The Washington State Dependency Best Practices Guide (PDF) articulates the practices that have been found to improve the likelihood of positive outcomes in the child welfare legal system.

This guide promotes the following seven principles of successful dependency courts:

Principle driven

Successful dependency courts are principle driven. They promote a court culture in which everyone is clear as to the purpose of the court process. These courts also promote values such as judicial integrity, access to justice, respect, and equity for all participants in the system. Court partners work together to form principles that guide decision-making and form court culture despite differences of opinion on individual matters.

Collaborative learning community

Successful dependency courts recognize that the landscape of the work we do together is complex and constantly shifting. They value the strength of a diversity of perspective and believe that by creating communities of cross disciplinary practice, the system as a whole is more likely to generate positive results. They believe in the value of a true interdisciplinary approach in which each professional has the benefit of knowing enough about related disciplines to be a well-informed participant in improving the system.

Systems thinking

Dependency courts are fundamentally about managing a system of relationships. Successful dependency courts recognize the interdependency of both the professionals who make up the court system and the communities they serve. These courts are mindful of the impact of unintended consequences when making decisions and seek to mitigate negative consequences as part of the initial intervention. They are mindful that the structure of any system, including a justice system, has great impact on the outcomes it creates and as such, seek systematic solutions to recurring issues.

Data aware

What gets measured gets done. Successful dependency courts are aware of data describing the process and outcomes generated by their court. They look for patterns and outlying data points to indicate where the court community might focus improvement efforts by either seeking to minimize undesirable results, or maximize positive ones. They recognize that without data, it is difficult if not impossible to adequately assess the court’s performance. However, at the same time, they recognize that statistical data represents only a vague abstraction of the personal stories and lives of real people.

Youth and family centered

Dependency courts exist to serve youth and families. Successful dependency courts recognize that ultimately everything done in the court context will have a real and substantial impact on a child and family. As such, the court seeks to continually improve the quality of its interactions with youth and families. It seeks to create an environment and process in which youth and families can be heard and treated as meaningful partners.
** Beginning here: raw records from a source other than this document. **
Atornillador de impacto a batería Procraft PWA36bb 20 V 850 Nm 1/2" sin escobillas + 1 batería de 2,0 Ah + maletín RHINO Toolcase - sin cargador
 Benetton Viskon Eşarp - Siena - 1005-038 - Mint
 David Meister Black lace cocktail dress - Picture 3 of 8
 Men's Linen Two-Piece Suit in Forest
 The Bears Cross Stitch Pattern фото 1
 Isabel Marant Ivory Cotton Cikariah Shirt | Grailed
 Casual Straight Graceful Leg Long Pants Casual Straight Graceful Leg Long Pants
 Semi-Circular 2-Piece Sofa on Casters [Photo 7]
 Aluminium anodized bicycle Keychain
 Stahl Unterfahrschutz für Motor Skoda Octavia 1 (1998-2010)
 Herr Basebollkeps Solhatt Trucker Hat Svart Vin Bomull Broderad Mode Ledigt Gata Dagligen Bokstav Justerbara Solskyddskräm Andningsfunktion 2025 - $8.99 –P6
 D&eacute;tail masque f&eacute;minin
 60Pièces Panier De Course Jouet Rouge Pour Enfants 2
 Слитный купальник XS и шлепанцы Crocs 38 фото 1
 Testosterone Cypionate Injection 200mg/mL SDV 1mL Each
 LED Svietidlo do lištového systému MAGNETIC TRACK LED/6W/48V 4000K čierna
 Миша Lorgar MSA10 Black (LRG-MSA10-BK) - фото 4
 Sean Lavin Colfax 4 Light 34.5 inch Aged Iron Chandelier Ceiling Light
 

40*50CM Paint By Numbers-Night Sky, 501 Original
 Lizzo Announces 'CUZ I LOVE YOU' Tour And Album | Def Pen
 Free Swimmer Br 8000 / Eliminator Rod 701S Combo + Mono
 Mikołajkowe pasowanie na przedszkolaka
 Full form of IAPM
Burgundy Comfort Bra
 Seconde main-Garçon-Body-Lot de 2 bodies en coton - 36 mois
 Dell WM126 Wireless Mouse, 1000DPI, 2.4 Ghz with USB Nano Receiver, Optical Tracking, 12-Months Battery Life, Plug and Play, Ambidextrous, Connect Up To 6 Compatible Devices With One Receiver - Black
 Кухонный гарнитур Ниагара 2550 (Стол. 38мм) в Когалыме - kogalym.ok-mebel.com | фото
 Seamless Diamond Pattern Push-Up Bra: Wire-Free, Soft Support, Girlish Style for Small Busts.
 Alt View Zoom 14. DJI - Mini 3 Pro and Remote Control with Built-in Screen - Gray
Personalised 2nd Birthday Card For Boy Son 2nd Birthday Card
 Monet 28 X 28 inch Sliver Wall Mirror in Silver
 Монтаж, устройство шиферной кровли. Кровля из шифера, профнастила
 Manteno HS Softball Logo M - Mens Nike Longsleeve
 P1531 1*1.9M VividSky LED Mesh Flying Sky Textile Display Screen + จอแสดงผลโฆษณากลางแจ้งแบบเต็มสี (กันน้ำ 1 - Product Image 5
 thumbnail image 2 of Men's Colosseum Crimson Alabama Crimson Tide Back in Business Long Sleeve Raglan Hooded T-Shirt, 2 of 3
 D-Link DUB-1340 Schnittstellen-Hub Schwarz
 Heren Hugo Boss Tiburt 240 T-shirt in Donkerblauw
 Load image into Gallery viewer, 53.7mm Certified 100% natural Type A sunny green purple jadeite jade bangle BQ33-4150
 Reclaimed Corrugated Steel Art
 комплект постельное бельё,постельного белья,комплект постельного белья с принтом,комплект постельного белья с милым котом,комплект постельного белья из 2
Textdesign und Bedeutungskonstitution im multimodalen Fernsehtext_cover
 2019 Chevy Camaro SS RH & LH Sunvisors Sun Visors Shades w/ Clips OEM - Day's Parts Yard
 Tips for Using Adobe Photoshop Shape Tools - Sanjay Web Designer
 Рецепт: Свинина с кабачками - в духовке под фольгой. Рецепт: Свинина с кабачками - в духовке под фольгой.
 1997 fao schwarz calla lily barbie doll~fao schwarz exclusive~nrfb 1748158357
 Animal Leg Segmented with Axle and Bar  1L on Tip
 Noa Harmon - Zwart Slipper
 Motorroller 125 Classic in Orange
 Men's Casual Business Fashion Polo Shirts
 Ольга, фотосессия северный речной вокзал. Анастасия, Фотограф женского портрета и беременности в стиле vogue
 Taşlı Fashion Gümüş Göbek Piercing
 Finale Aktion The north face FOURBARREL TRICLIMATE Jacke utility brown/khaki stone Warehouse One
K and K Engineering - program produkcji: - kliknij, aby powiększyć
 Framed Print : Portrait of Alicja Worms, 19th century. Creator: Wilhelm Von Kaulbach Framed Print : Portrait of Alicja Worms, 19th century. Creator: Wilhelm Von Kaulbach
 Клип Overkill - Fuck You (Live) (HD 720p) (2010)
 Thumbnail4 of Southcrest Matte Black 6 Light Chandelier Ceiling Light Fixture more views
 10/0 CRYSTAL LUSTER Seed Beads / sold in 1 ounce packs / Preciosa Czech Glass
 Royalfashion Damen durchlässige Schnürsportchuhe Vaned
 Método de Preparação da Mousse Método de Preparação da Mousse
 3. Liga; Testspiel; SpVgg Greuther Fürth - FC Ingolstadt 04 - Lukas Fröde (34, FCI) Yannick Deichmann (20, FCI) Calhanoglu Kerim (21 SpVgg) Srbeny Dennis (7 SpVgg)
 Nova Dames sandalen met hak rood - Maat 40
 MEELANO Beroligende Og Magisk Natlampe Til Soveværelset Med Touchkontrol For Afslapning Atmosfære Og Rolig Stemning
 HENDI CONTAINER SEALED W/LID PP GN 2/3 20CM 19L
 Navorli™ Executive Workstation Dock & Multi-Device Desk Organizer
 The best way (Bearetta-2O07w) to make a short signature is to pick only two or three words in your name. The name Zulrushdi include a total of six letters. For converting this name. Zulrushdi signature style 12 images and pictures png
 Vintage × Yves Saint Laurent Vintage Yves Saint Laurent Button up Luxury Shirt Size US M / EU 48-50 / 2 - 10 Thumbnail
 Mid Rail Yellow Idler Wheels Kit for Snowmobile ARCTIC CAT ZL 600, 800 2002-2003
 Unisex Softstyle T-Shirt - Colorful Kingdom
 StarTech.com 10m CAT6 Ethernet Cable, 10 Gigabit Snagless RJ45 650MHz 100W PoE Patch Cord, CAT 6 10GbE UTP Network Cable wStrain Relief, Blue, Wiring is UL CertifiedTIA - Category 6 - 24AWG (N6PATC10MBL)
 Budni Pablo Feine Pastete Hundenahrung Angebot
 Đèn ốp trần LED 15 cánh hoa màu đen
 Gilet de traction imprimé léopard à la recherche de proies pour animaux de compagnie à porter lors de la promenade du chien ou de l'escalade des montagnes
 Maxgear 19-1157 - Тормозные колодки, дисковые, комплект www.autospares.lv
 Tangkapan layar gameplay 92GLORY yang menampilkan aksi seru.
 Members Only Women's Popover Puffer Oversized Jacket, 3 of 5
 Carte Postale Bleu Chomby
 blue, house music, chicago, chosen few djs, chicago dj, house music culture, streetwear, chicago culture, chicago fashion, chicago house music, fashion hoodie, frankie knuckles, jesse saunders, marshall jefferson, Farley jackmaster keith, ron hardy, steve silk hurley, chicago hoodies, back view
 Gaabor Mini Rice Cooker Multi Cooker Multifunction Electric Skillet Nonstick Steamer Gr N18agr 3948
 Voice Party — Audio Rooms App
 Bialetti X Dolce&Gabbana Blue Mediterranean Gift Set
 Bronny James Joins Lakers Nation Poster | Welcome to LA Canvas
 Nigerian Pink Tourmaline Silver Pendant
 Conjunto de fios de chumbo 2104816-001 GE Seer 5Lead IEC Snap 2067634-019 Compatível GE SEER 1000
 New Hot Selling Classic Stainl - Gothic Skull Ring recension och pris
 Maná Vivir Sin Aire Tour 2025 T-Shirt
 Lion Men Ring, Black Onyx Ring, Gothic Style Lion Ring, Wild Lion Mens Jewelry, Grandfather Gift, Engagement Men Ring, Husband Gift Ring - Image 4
Dependency courts are ultimately accountable to the communities who empower and fund them. As such, successful dependency courts continually strive to behave in a way that is accountable for taxpayer resources. Simply put, a court must bring value to the community which supports it. In order to meet this obligation, successful dependency courts must create systems of accountability within the court system addressing both those who come before the courts and those who work within the courts. Successful courts create both an internal culture of accountability and mechanisms by which to ensure those who interact with the system are accountable for behaviors addressed by the court.

Promote empowerment of individuals and communities

Successful dependency courts are conscious of systemic barriers that inhibit the full participation or promote unfair treatment of individuals or communities because of age, disability, race, ethnicity, social status, sexual orientation, indigenous heritage, national origin, and gender. These courts work to ally with those seeking to promote empowerment of all individuals and help create judicial systems which truly promote a culture of equitable participation. This in no way implies that the court is anything but impartial in a given case, but rather requires the court to act on a systemic level to promote a culture of practice that supports justice for all.